Nothing but an exact repeat of the data, with pictures removed, belongs in the answer.
*** Opening of Material for the task ***
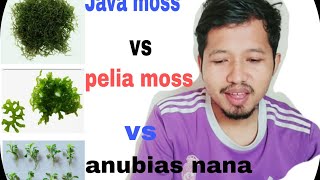 Java mos vs pelia mos vs anubias Nana mini [upl. by Colston]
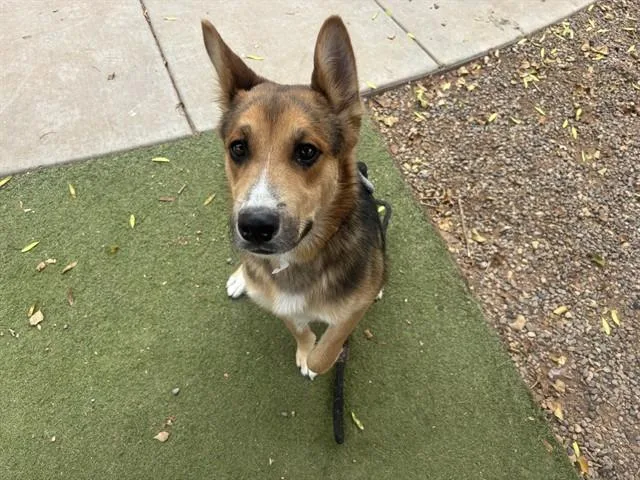 A young large-sized male German Shepherd Dog dog named Ness for adoption in Phoenix, AZ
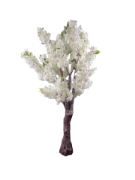Снимка на Дърво голямо китайска череша бяла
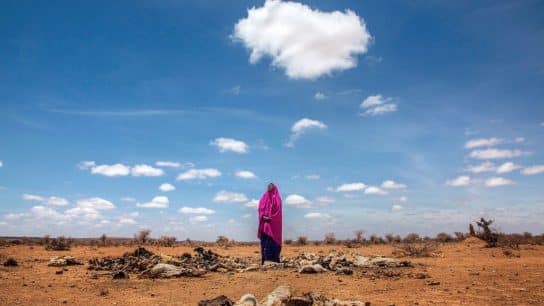 Desertification and Climate Change: What’s the Link?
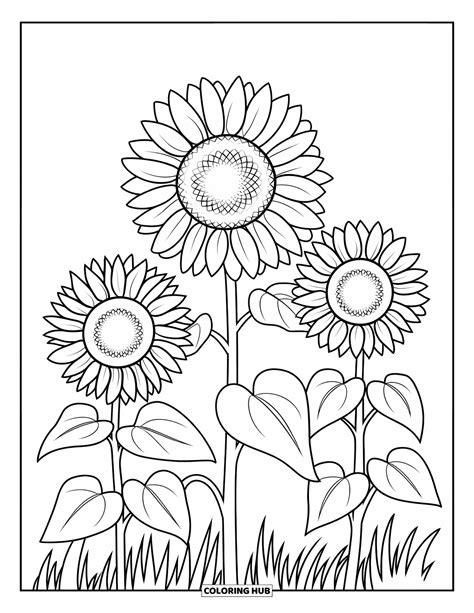 130+ Sunflower Coloring Pages for Kids & Adults (Free Printable PDFs)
*** Close of Material for the task ***
§ Reply to the exercise
 Java mos vs pelia mos vs anubias Nana mini [upl. by Colston]
 A young large-sized male German Shepherd Dog dog named Ness for adoption in Phoenix, AZ
Снимка на Дърво голямо китайска череша бяла
 Desertification and Climate Change: What’s the Link?
 130+ Sunflower Coloring Pages for Kids & Adults (Free Printable PDFs)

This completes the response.